I just learned how to reset the airbag light... Anyway - it reminds me of a cross country road trip in a 2000 Nissan Frontier - towing a 5,000 lb Fifth Wheel... When the gas mileage dropped at high altitudes, Nissan told me to disconnect the battery, turn the key on, hold the brake down for 30 seconds, and then reconnect the battery, start the engine for 30 seconds, shut it off, turn the key on for 5 seconds, then start the truck and do a 0-60MPH full throttle run, and then stop, shut off the truck, and that reboots it....

I'm not 100 percent correct if that was the EXACT order, but it was very similar to that procedure to reset the computer so the sensors can re-adjust and reset - kinda like re-booting your PC...

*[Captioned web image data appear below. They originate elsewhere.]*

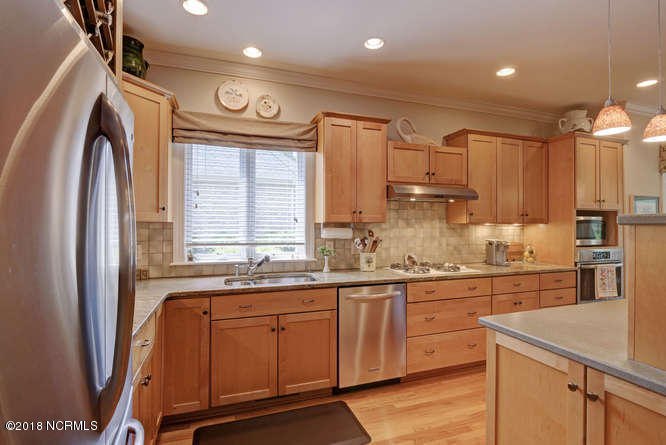 802 Fox Ridge Lane Wilmington, NC 28405 - Photo 10 of 33 802 Fox Ridge Ln Wilmington NC-small-010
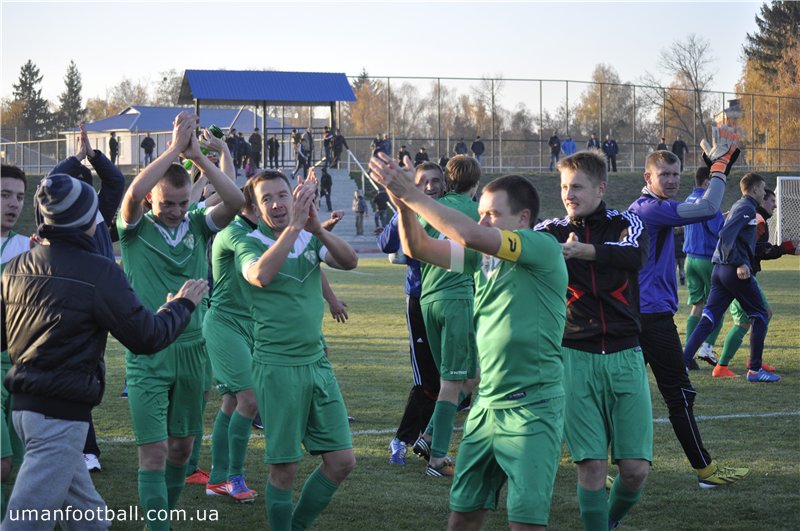 05112015footballgordiy8f5b05adc17b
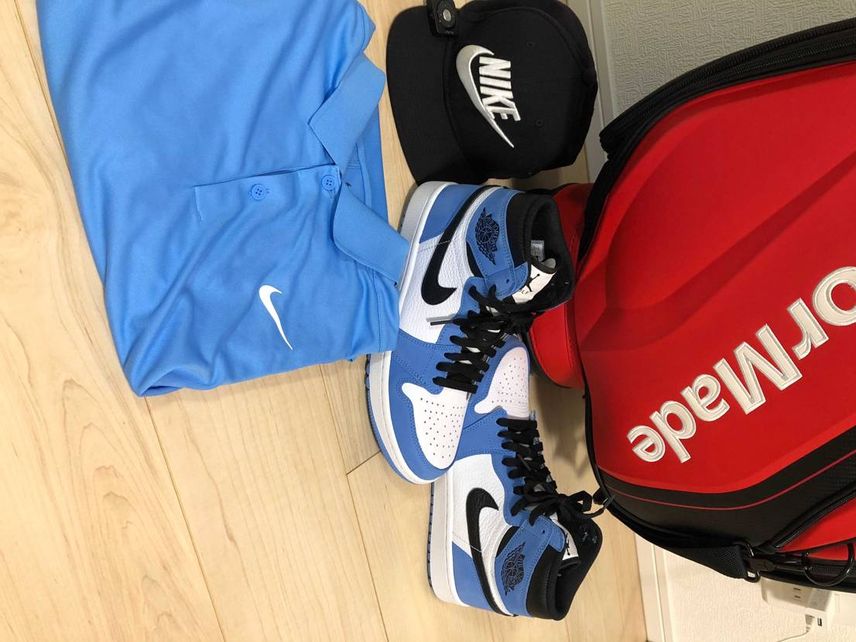 明日はコイツを初おろしで行ってきま〜す⛳️
#nike #GOLF#エアジ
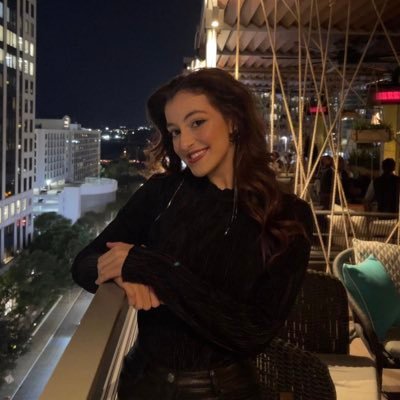 viasaliha's profile picture. mostly a lover but sometimes a hater 🤭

*DOES ANYONE KNOW HOW TO RESET THE 2005?
ARE THERE ANY OTHER FEATURES?
IS THERE A POWER-PROGRAMMER FOR THE 2005?*

Any help is appreciated!!! Thanks in advance!










From another post said:


> If you have the airbag light, it will show steady for a few seconds (the manual says 7 secs) after you turn the key from off to on (but not start) and then start to flash. Here is how to reset it.. 1. Turn the key from off to on.
> 
> 2. Watch the airbag light closely. It will stay on for a few secs. and then as soon as it blinks off (the start of the flashing), turn the key off instantly.
> 
> ...


----------



## SDBryan (Aug 2, 2005)

Anyone know how to reset the Computer?

Unplugging it only resets the trip meter and radio memory...

I would like to reset the ECU so it runs better at sea level.. (Not that it isn't running well already!)


----------



## SDBryan (Aug 2, 2005)

*I think I found it!!!!*


> Due to legal requirements in some states and
> Canadian Provinces, your vehicle may be required
> to be in what is called the &#147;ready condition
> &#148; for an Inspection/Maintenance (I/M) test of
> ...


Does anyone know exactly what it does?


----------



## MaxQuest (Sep 11, 2004)

Waist Gas!


----------